U.S. Pat. Nos; 5,009,828, 5,070,584, 5,140,727, 5,647,100 and 5,804,265 re ZIPLOCİ ‘Double Guard’ by S.C. Johnson & Sons, Inc. is the most recent product in the field of my invention. This product is advertised daily, on TV, network and local. The ad, demonstrating comparison between ‘Double Guard’ and another brand is a computer generated animation, not a factual presentation.
I have conducted several tests with this product, following instructions printed on the box. The results were far from its TV ads' claims. Invariably, there remained ‘trapped air’ inside the ‘Double Guard’ bag.
Further, although marketers of all zipper plastic bags propagate foodstuff preservation, but regardless how much air can be manually squeezed out of them, still, there will be air trapped within. Consequently, gaseous emanation from food content, combined with such trapped air, will cause spoilage.
I conducted experiments by filling one of said zipper bags with bread and cheese and put it into a refrigerator. I have also put a piece of cheese and bread, unwrapped, into the refrigerator.
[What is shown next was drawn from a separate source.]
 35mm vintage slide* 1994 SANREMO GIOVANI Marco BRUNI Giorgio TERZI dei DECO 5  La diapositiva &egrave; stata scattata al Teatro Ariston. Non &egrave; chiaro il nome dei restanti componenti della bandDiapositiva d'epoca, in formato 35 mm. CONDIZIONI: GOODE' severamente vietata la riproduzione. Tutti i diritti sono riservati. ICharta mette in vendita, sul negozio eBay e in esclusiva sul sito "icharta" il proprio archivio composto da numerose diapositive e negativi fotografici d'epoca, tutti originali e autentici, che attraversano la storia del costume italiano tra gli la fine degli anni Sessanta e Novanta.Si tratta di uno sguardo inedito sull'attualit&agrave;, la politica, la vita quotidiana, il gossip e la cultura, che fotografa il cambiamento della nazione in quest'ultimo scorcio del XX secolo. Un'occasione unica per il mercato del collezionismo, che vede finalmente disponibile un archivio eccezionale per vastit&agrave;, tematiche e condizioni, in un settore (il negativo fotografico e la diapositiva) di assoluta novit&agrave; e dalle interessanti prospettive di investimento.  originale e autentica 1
The bread and cheese in the zipper bags turned green after a week in the fridge. The unwrapped bread and cheese in the same fridge, had only hardened, but not molded.
I also tested my own invention with the same contents. Besides the de-aired zipper bag, put into the fridge, I have kept another de-aired zipper bag, with the same contents, on my kitchen table, at room temperature. The one in the fridge remained fresh and unspoiled. In the de-aired zipper bag, kept on the kitchen table, the bread was still soft after five days with no sign of spoilage. The cheese had only melted—no spoilage.
SUMMARY OF THE INVENTION
The object of my invention is to provide an efficient, non-complex, economical food preserving solution, a product, which is easily available and purchasable, especially by lower income families, who constitute the dominant portion of society, everywhere.
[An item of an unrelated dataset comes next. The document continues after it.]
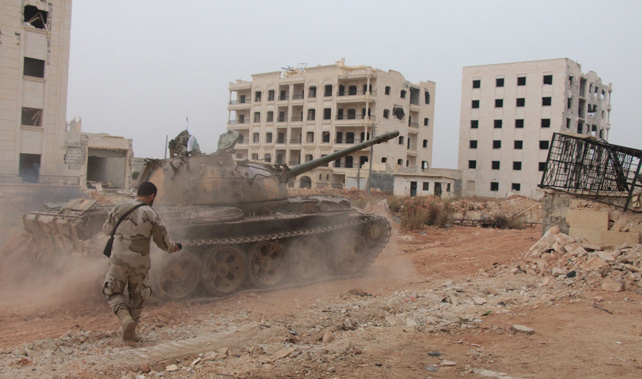 Rebel soldiers with a captured tank prepare to attack (Getty Images)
One aspect of this invention is that the components are inexpensive and the simplest imaginable, in the manufacturing, marketing and operating process.
Another aspect of the invention is that the application and operation, such as placing storage-intended zipper bags therein, and evacuating air therefrom by oral suction, can be performed by an adult, a child, an elderly, or handicapped person.
In still another aspect, this invention is not limited to an ‘at home’ use, only. Most of the aforementioned ‘apparatus’ are limited to ‘at home’ use, because they only function on electricity.
Further, my invention works with any zipper bag, versus one of the most popular ‘apparatus’, advertised on TV, every day, as FoodSaver by Tilia. That, electrically motorized apparatus, with many moving parts, works only with bags specifically made for it. Once, one has used up the bags that came with the purchase, one has to order a new supply from the manufacturer, or authorized distributor, like “As Seen On TV”, on the Internet. The price is high and shipping/handling is added. I know, because I bought one, which, by the way, inspired me to explore and invent a food preserver that anyone can afford.
My invention's entire ‘package’, marketed with the AIR EVACUATION BAG, the EXTRACTOR TUBE and two kinds of public domain, zipper bags that come with it, will cost less than the bags for the above cited machine.
This invention relates to a device and application for extended storing, among other items, perishable goods, like foodstuff, by evacuating air from standard, or special, non-breathing plastic zipper bags.